Kubernetes’s default rolling update strategy gradually deploys new pods and retires old ones, but during the swap, your service runs both versions side by side, and a regression in the new image affects every request that lands on a new pod.

Progressive delivery patterns like blue/green have long existed: you stand the new version up alongside the old, prove it’s healthy on a separate preview endpoint, then flip user traffic across. Blast radius shrinks to nothing in the bad case, rollback is a single command, and your release stops being a held-breath moment.

In this post, you’ll set that up with Argo Rollouts, the controller behind progressive delivery in the Argo ecosystem (which graduated from the CNCF in 2022).

What is Argo Rollouts (and why you need it)

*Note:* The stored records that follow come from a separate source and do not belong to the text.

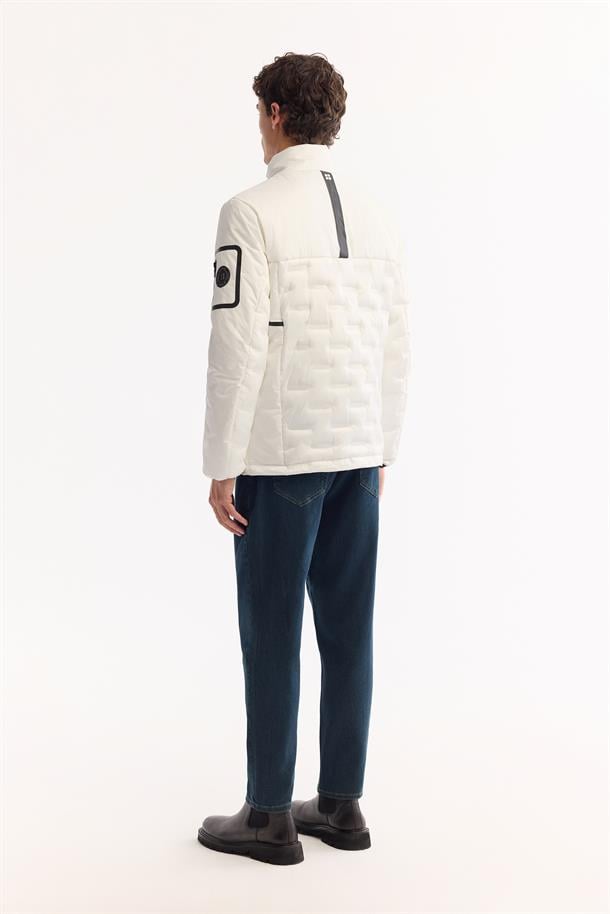 White Hooded Water-Repellent Windproof Puffer Jacket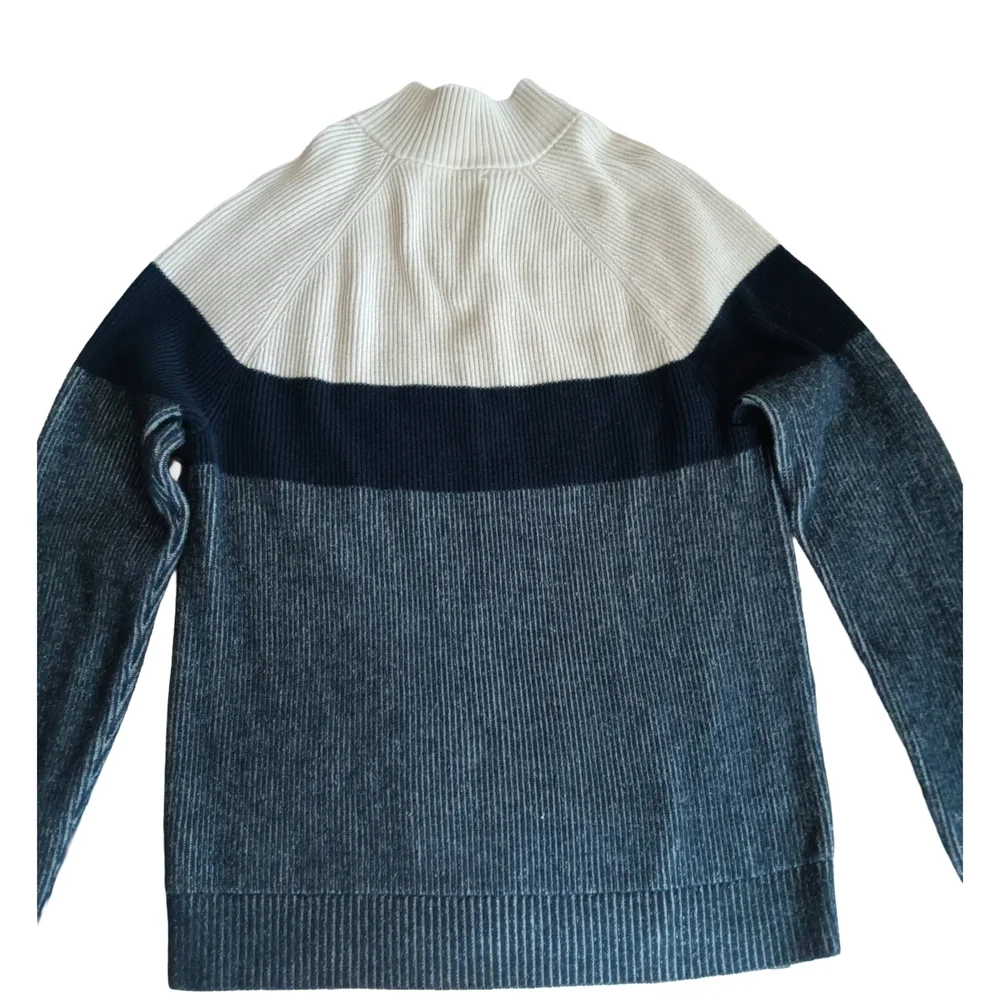 Banana Republic Men's Button Up Sweater - Cream, Navy, Gray Coastal, Preppy Sz L - Picture 6 of 11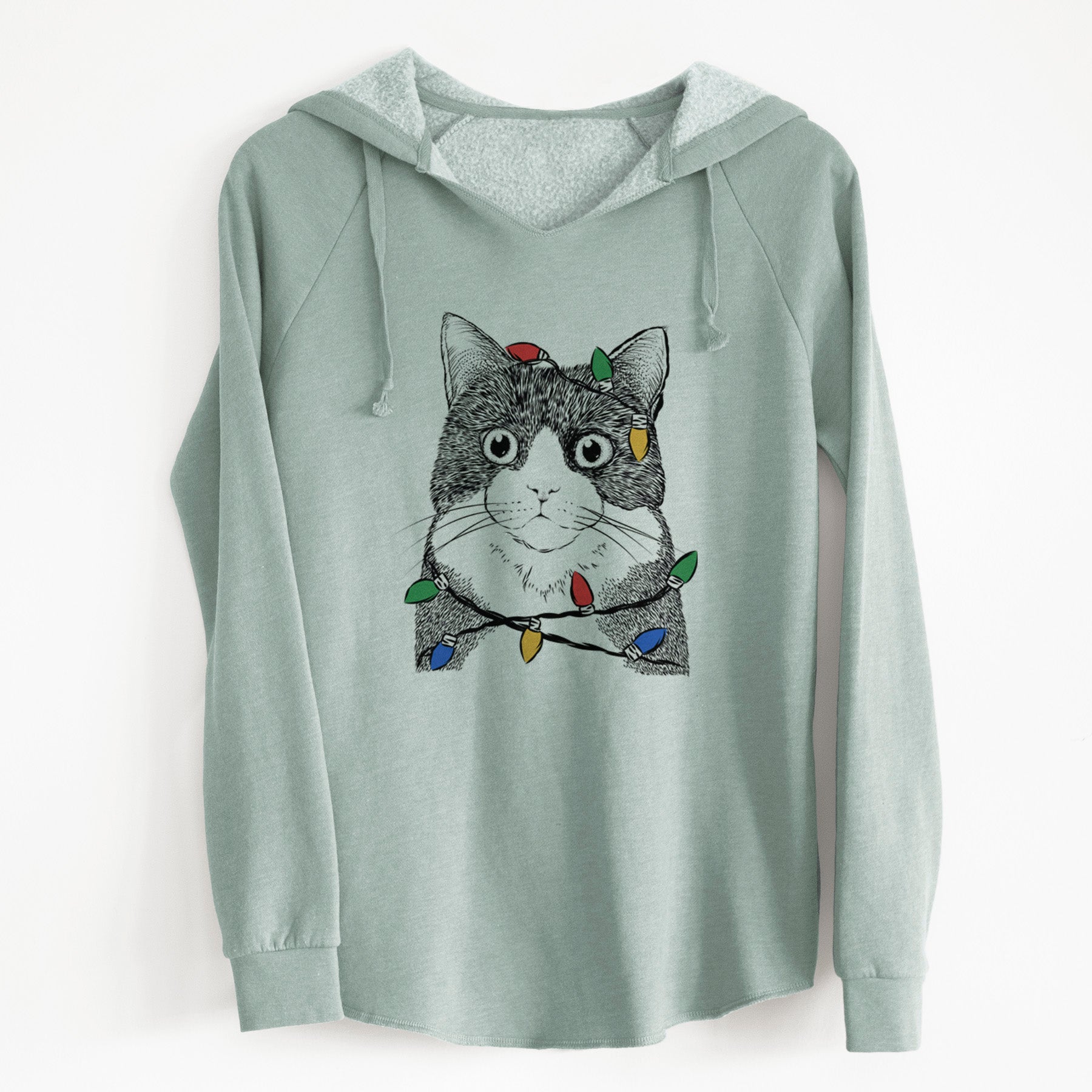 Christmas Lights Tux the Tuxedo Cat - Cali Wave Hooded Sweatshirt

Argo Rollouts is a Kubernetes controller and a set of CRDs that bolt blue/green, canary, and other progressive delivery strategies onto your cluster. The primary CRD is Rollout, a drop-in replacement for the standard Deployment.

You convert an existing Deployment by changing the apiVersion to argoproj.io/v1alpha1 and the kind to Rollout, then adding a strategy.blueGreen or strategy.canary block that describes how a new revision should roll out.

A major reason to reach for it is that there’s no built-in way to do this kind of traffic control in Kubernetes (you can’t decide where requests go independently of which pods are Ready). There’s no easy rollback to the previous version once the update has started.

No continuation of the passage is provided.